6.  (U) In response, one auto industry rep claimed that 
tariff talks in the auto sector were impossible because of 
the huge disparity between U.S. and South African auto 
tariffs (2 percent and 32 percent, respectively).  "The 
starting positions were just too far apart," he said, adding, 
"U.S. negotiators wanted a zero for zero tariff deal in the 
long run.  This would have posed huge challenges for South 
Africa.  Our industrial sectors would be severely undermined 
by a true FTA with the U.S."  The fears of the auto rep were 
echoed by his steel industry counterpart, who told the group, 
"The comprehensive U.S. approach was unacceptable.  South 
African business doesn't want an FTA under just any 
circumstances." 
 
---------------------- 
TICA:  The Way Forward 
---------------------- 
 
7.  (U) All participants agreed that South Africa needs 
friendly trade relations with the U.S.; the ongoing GSP 
review, the collapse of the Doha Round, potential conflicts 
in the UNSC, and the possibility of a new protectionist 
Congress were all cited as reasons to resume dialogue with 
Washington.  Although a full-blown FTA was rejected as 
unrealistic for now, there was a near consensus that the 
proposed Trade and Investment Cooperation Agreement (TICA) 
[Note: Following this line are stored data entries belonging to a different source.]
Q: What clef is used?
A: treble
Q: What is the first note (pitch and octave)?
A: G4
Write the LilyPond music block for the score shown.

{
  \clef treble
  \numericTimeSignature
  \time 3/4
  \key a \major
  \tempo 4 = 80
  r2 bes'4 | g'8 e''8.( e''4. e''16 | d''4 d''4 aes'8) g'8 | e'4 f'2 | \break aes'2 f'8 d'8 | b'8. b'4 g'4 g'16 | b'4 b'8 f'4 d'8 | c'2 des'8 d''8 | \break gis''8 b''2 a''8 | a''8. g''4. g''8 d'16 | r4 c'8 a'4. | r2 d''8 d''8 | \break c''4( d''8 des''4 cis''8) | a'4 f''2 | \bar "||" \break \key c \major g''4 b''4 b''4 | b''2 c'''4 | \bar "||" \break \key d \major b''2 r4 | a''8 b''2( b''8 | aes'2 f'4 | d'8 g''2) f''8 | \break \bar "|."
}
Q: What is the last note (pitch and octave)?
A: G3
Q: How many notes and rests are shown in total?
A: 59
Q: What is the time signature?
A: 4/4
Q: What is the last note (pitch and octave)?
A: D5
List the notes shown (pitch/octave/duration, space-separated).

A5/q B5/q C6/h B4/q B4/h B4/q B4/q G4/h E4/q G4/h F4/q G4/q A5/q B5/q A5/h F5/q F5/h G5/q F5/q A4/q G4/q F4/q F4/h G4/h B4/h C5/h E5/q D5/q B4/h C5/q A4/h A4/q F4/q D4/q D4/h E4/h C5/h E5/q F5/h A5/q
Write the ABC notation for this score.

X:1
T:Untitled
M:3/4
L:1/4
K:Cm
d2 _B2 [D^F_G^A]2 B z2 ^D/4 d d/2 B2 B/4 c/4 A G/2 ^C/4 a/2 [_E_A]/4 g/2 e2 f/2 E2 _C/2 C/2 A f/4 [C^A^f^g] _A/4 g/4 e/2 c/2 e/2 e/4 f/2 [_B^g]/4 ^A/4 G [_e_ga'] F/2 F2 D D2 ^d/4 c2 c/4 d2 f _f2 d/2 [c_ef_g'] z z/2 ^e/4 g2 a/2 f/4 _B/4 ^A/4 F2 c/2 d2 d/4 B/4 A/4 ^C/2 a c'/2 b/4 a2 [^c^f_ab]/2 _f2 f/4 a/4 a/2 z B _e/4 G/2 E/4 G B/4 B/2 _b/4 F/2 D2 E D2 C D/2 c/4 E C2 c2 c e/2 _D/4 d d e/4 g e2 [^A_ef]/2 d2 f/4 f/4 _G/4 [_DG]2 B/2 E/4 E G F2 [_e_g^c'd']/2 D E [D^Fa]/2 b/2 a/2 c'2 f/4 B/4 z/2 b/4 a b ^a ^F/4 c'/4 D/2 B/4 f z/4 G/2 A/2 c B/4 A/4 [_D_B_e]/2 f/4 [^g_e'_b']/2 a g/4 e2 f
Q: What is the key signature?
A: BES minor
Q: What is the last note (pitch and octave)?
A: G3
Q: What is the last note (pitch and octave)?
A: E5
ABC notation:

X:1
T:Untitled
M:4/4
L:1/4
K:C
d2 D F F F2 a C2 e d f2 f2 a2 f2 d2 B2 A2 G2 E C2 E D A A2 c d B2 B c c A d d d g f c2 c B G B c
could be a useful vehicle for addressing bilateral trade 
issues.  As one speaker put it, the TICA could "fill in the 
potholes" left over from the FTA negotiations.  At the same 
time, no one had a TICA agenda to propose and several 
speakers noted that South Africa had to do some serious 
homework before it could negotiate a TICA.  Business input 
was seen as essential -- but business, too, was seen as 
poorly informed about the impact of trade deals. 
 
------- 
Comment 
------- 
 
8.  (SBU)  The conference produced many views on the FTA but 
almost no ideas about what to do next.  In hindsight, it 
seems clear that corporate South Africa's ambivalence about a 
comprehensive trade pact left the FTA bereft of support from 
a key domestic constituency and wide open to attacks from 
unions and other groups.  Once orphaned, the FTA was doomed. 
Fortunately, there are signs that South African business may 
now regret the non-role it played during the FTA talks.  In a 
recent meeting with post, a senior BUSA officer admitted that 
BUSA had done a poor job of supporting the FTA; she pledged 
to do a better job of coordinating business support for TICA. 
 It was encouraging to hear that BUSA, having missed the main 
event, does want to be more engaged in the future.  A 
suitably modest TICA might draw support in South Africa and 
serve as a platform for bigger trade deals in the future.